The hearing before me
The Claimant has absconded and did not appear at the hearing before me. Instead, he sent Ms Ruxandra Moise who describes herself as his life partner and the mother of his children. It was she who filed the N463 and the N461, together with supporting documentation, on 11 July 2024. She is not legally qualified and the documents which she filed do not suggest that the Claimant had authorised her to conduct the litigation on his behalf. At the beginning of the hearing I told her that I was not willing to hear her without evidence that she was authorised to represent the Claimant and, even with such authorisation, I would have to consider whether to allow her to do so. She told me that she could obtain authorisation and I adjourned the hearing for 15 minutes to give her an opportunity to do so.
A letter from the Claimant, authorising Ms Moise to represent him, was then provided. I heard arguments as to whether to allow Ms Moise to make submissions. She said that she wished to address the Court for 15–30 minutes and would not be putting forward anything which was new, or relying on additional evidence. Mr Evans objected, principally on the grounds that I should not indulge the Claimant given that his inability to attend court and make submissions himself stemmed from the fact that he had absconded. Ms Moise said that she had made more than one application for the Claimant to attend by CVP but had not had a response.

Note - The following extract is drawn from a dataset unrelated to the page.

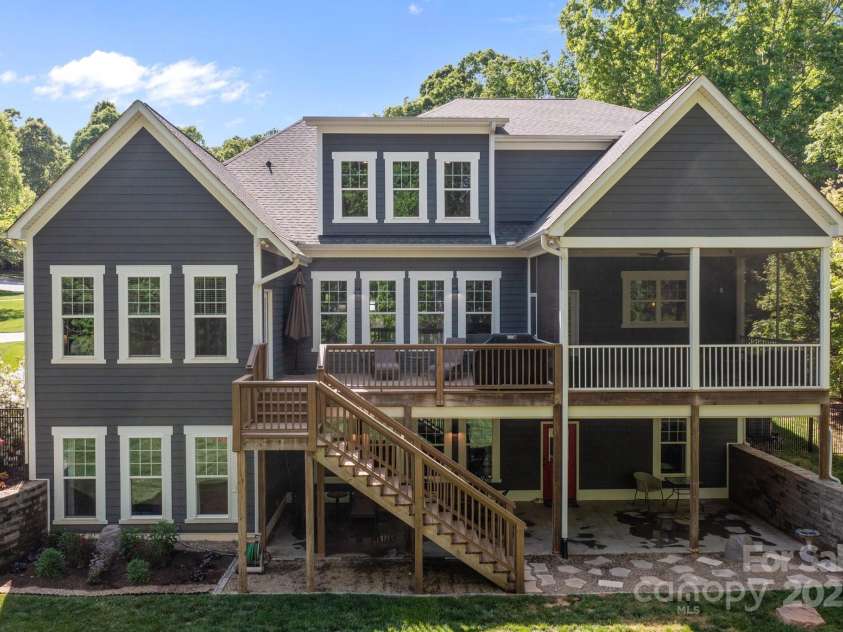 6743 Fox Ridge Circle, Davidson, NC 28036.  MLS# CAR4244041, YatesRealty ID 10816. 
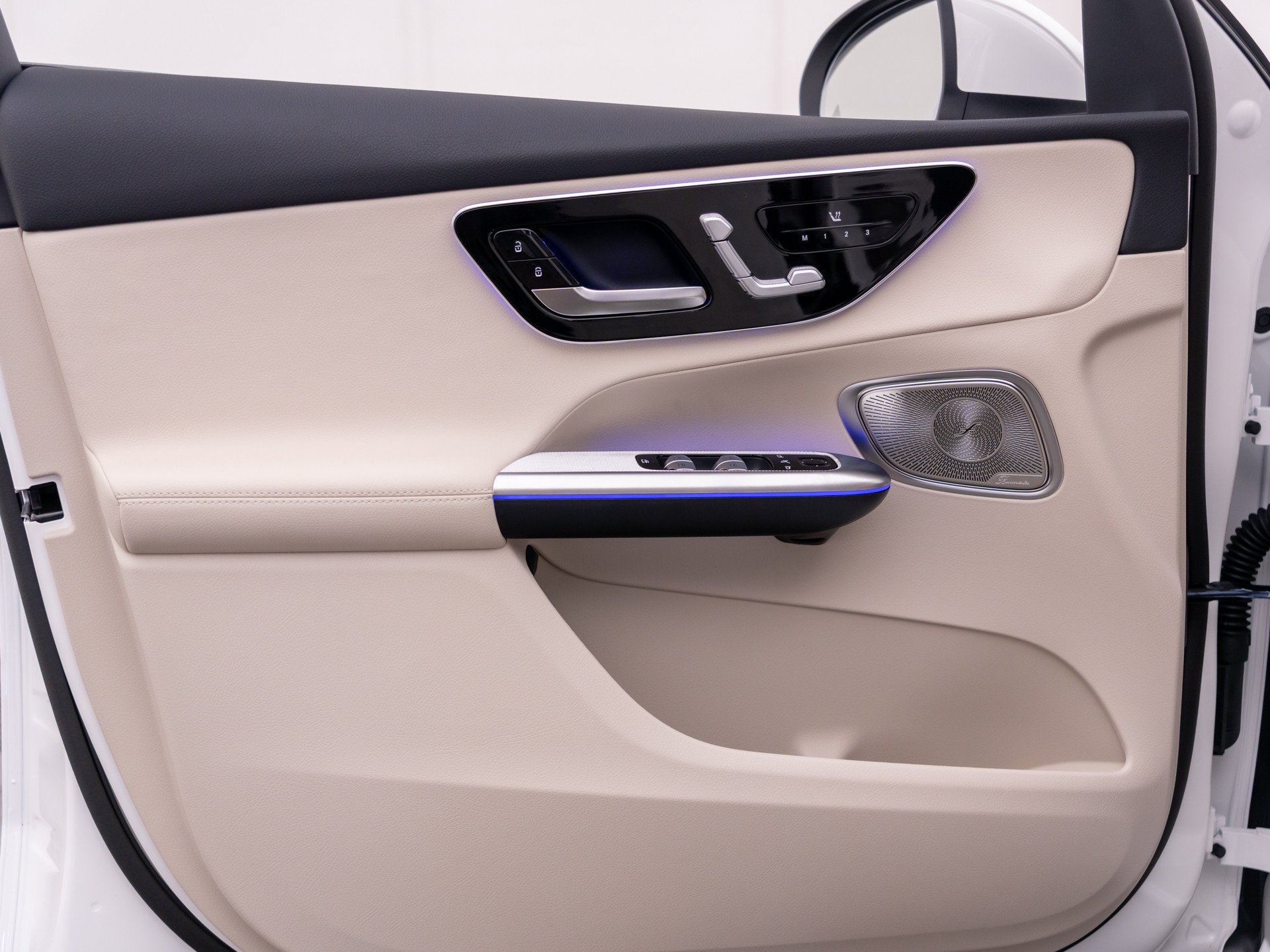 New 2027 Polar White Mercedes-Benz GLC 350e image 57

I saw the force of Mr Evans' point but, having considered the guidance in Graham v Eltham Conservative and Unionist Club [2013] EWHC 979 (QB), I took the exceptional course of granting Ms Moise's application. This was a case her making short submissions on behalf of her partner on a matter of real importance to their family, rather than a lay representative making a habit of appearing before the courts, whether for reward or otherwise. I also thought it was possible that Ms Moise would be able to assist the Court in relation to the background and I wanted to ensure that the Claimant had been given every opportunity to put his...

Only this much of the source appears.